The second prong to Energica’s plan is the Fast Charge Infrastructure Program, in which the company is doubling down on fast charge stations, “targeting the best roads motorcyclists love to ride through.”

In partnership with several companies (Utilities, Hardware provider, charging services) Energica will either co-finance the installations of dedicated chargers (DC technology 20kw, Combo CCS standard plugs) or the access to existing ones. This will allow Energica customers to enjoy the best roads without any range anxiety. Automotive industry and governments are investing on the main corridors but Motorcyclists like riding mountains/hills/sea roads often located far away from them. Energica will fill the gap to guarantee EV motorcycle rides.”

The release continues:

A detail plan on routes is in process according to Energica dealership network and a first round of installations has been identified in some locations in Italy and in California to be deployed by 2017 season.

In the areas where charging network are already available Energica facilitates customer to use them.

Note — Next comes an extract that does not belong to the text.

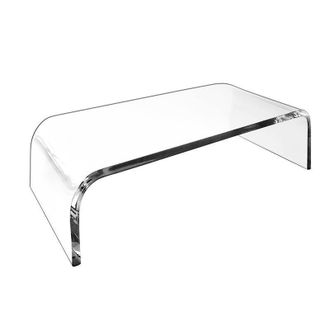 OEM Soporte De Pantalla De Acr&iacute;lico Transparente De Alta Calidad Para Port&aacute;tiles, Ordenadores De Sobremesa Y Pantallas Multimedia, Apto Para Uso Dom&eacute;stico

In The Netherlands Energica has the option to use fast charge network thanks to an agreement with Fastned Company that provides 4 years fast charge through the growing  network with 20-30 minutes average charging time.”

Energica intends to develop a 3 year plan according to EV sales growth and market regions in partnership with EV infrastructures players.

The fast-charge installation plan foresees multiyear investments up to 1mln €, according to market areas and needs, starting from 100.000€ for Italian region and California, to be deployed by spring 2017.”